September 05, 2013|By DON AINES | dona@herald-mail.com

A Washington County Circuit Court judge on Thursday sentenced a Hagerstown man with a long criminal record to eight years in prison after he entered an Alford plea to conspiracy to commit a third-degree burglary in a January break-in linked to a federal case.

“Given your record, you certainly ought to thank your lawyer,” Circuit Judge Donald E. Beachley told James Thomas Grapes Jr., formerly of View Street.

Beachley told Grapes he could have faced a much longer sentence had he been convicted by a jury.

However, the 45-year-old Grapes could face additional time in prison when he has a hearing on Monday for violating probation on a 2006 burglary conviction in Washington County. Assistant State’s Attorney Leon Debes told Beachley that Grapes faces up to 10 years in that case.

Debes also noted that Grapes has similar charges pending in West Virginia.

Scott Anthony Carlson, 40, of North Cannon Avenue, is also scheduled to be sentenced on Monday, Debes told Beachley.

Carlson was an alleged accomplice with Grapes in the Jan. 16 break-in at a home on Lehmans Mill Road that netted a rifle, two laptops and jewelry worth over $12,000, Debes said.

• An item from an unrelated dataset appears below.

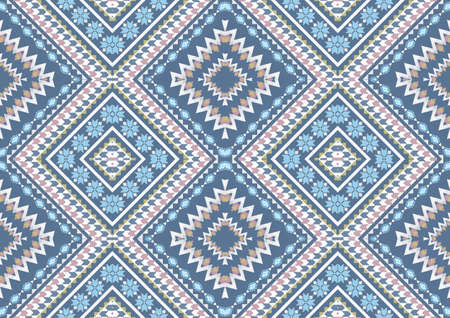 Geometric ethnic pattern design for background or wallpaper.のイラスト素材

An Alford plea is not an admission of guilt by a defendant, but an acknowledgment that the prosecution could prove its case if it went to trial.

“Mr. Grapes would have testified that it was Mr. Carlson who was going into the homes” and steal belongings, defense attorney David Harbin told Beachley,  explaining the rationale behind the Alford plea.

In reading from the statement of facts, Debes said that Carlson had told police that he and Grapes went to the house on Jan. 16, but that Grapes entered the house and came out with a pillow case full of stolen goods. They then drove to Baltimore, where Grapes went into a junk-yard office and sold the stolen items.

Carlson told police that he was not allowed to enter the junk-yard office, Debes said.

Those circumstances were also related by Grapes in a monitored phone call he made from the Washington County Detention Center to a woman, Debes said.

There were also records putting Carlson’s cellphone in the vicinity of the victims’ home at the time of the burglary, and near the junkyard in Baltimore, Debes said.

Carlson pleaded guilty to conspiracy to commit third-degree burglary in July, according to court records.

After the sentencing, Debes said the junkyard was owned by David Paschall, one of 16 people indicted earlier this year by a federal grand jury in Baltimore on charges that included burglaries, as well as illegal and prescription drug dealing and home-invasion robberies.

The business, operating under the name Paschall’s Auto Body and Fender, was alleged to be central to the criminal activities conducted by the 16 defendants in that case, according to a July news release from the federal Drug Enforcement Administration.

In reading Grapes’ criminal record, Debes listed 10 convictions, including another burglary in 1997, along with thefts, assaults, and drug possession.